A new Australian study found overall condom use decreased when PrEP was introduced into the region.
Martin Holt, PhD
New research out of Australia shows that the introduction of pre-exposure prophylaxis (PrEP) among gay and bisexual men coincided with a drop in regular condom use.
The data paint a complicated picture for public health officials hoping to use the full array of HIV-prevention methods to suppress transmission of the virus.
The study is based on 4 years of surveys, from 2013 to 2017, in Melbourne and Sydney. Nearly 17,000 men who reported sex with casual male partners in the 6 months preceding the survey were included in the study.
Over the course of the 4-year period, the percentage of HIV-negative men who reported having condomless anal sex with casual partners while taking PrEP rose from 1% in 2013 to 16% in 2017. At the same time, however, the overall number of men who reported “consistent” condom use dropped from 46% to 31%. The rates of HIV-negative or untested men who were not on PrEP and had condomless anal sex did not change significantly, hovering at around 30% for the duration of the study.

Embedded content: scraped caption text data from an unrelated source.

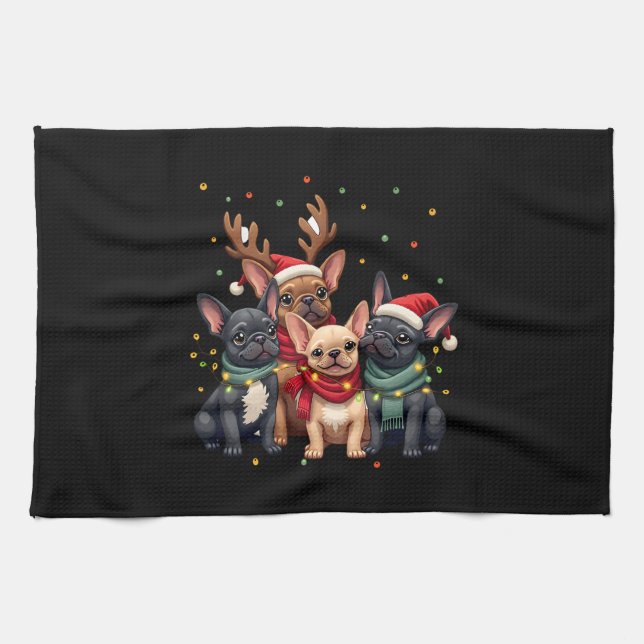 Christmas Lights French Bulldogs Xmas Frenchie Dog Kitchen Towel (Horizontal)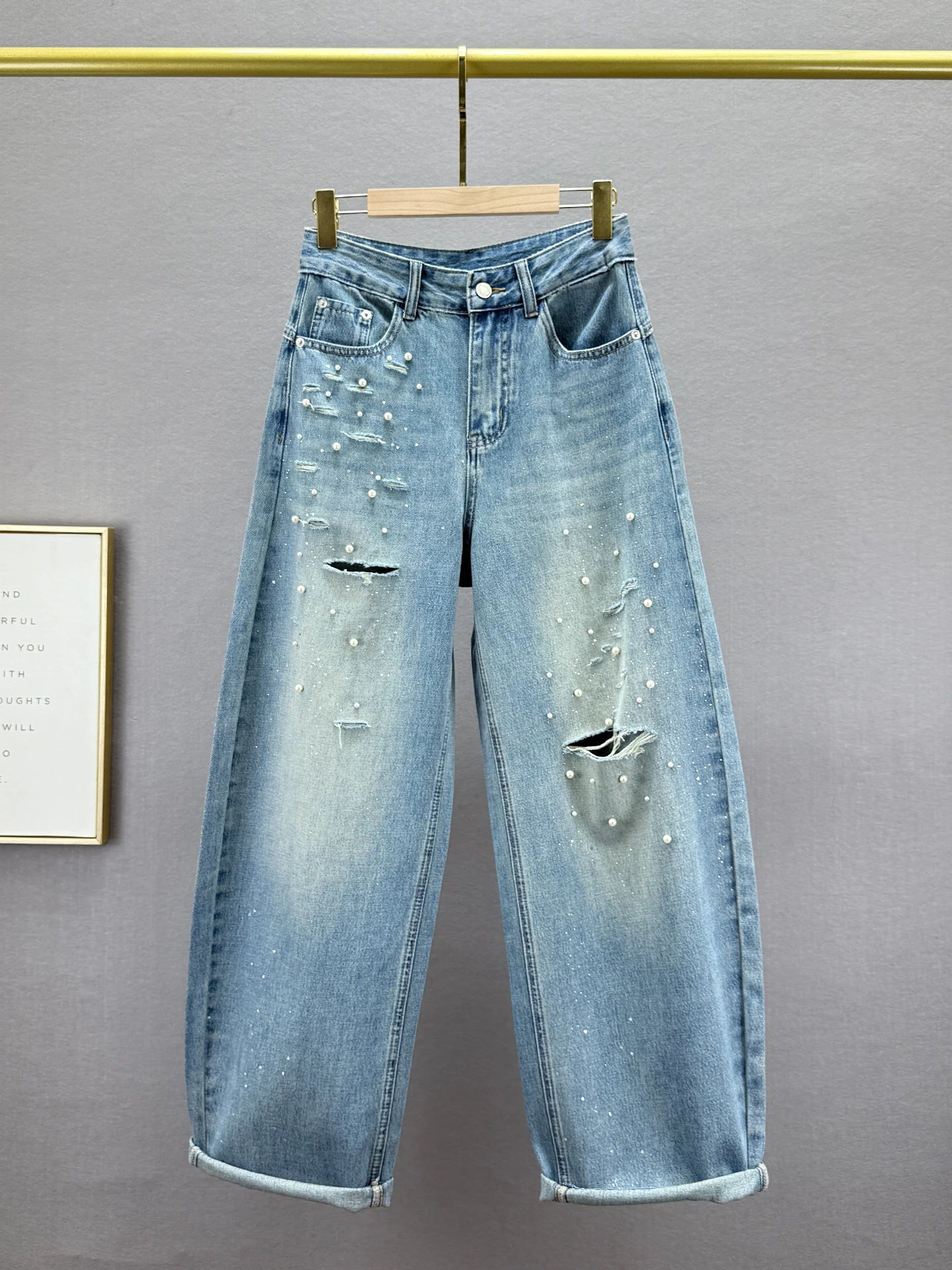 

Женские джинсы с высокой талией свободного кроя, весна 2026, в гонконгском стиле, с жемчужной отделкой, рваные, длинные брюки, повседневная одежда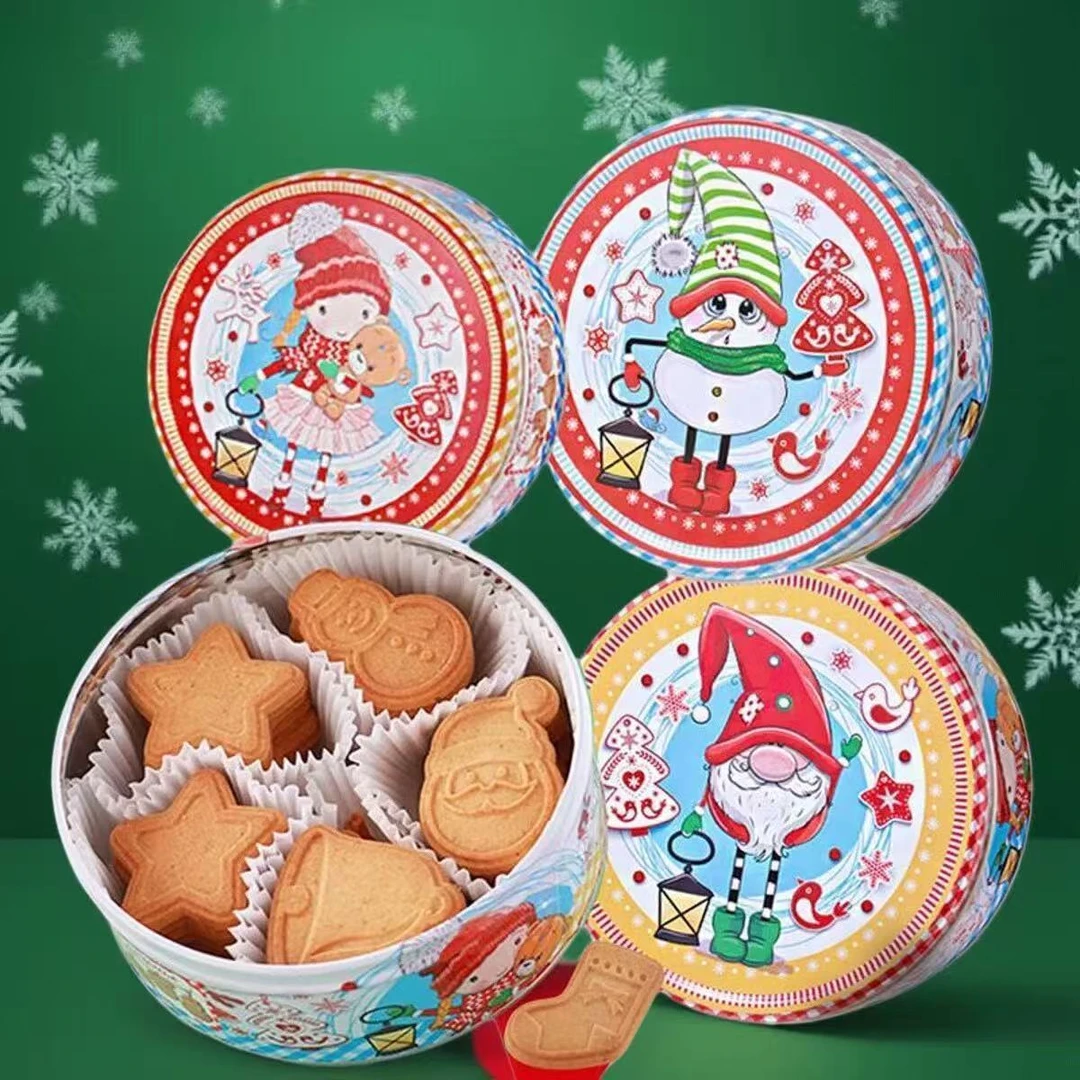 得闲俄罗斯进口斯拉贡牌魔法帽曲奇饼干圣诞铁盒装150g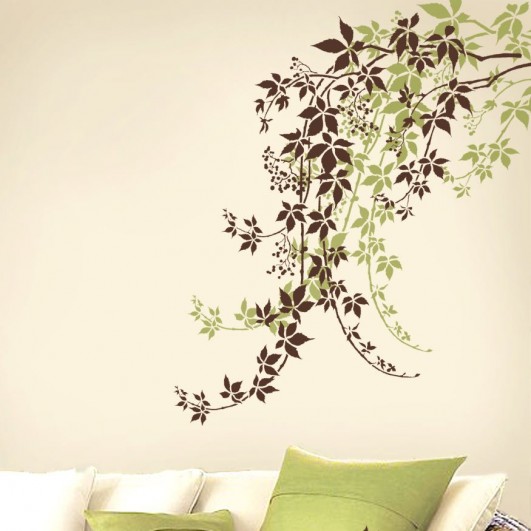 Elegant Vine stencil for easy wall decor. Modern wall stencils for DIY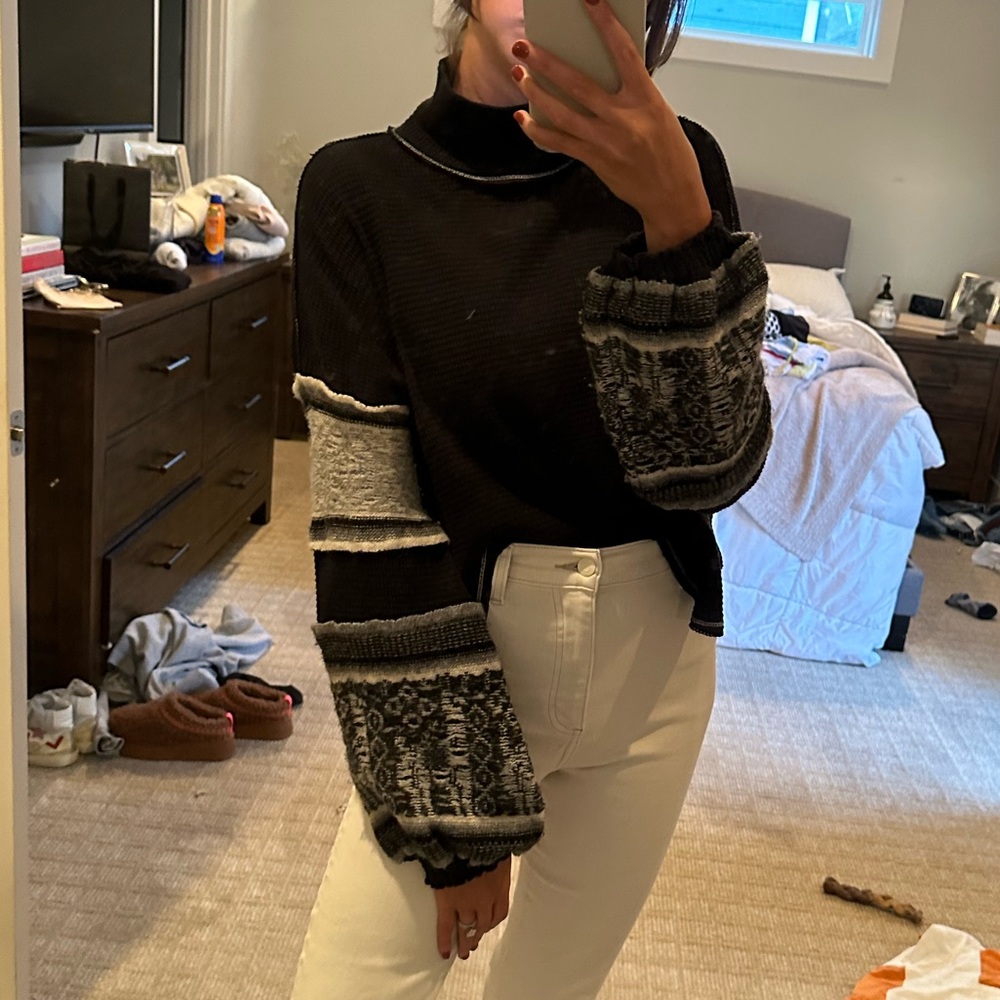 Free People black top with detailed sweater sleeves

Lead author Martin Holt, PhD, of the University of New South Wales, said the drop in condom use does not appear to be related to a drop in condom promotion by public health officials. He said local agencies continued to promote condoms, antiretroviral therapy (ART), and PrEP as the 3 best ways to prevent transmission of HIV.
“So I would say condom promotion has been maintained, while education about PrEP and HIV treatment have increased,” he told MD Magazine.
However, Holt said local public health agencies and advocacy groups need to tailor their public health campaigns to local epidemic circumstances.
“If condom use is already well established as a prevention strategy, our results suggest it is important to keep promoting it while PrEP is introduced (to affirm its ongoing importance, particularly for people not using PrEP),” he said.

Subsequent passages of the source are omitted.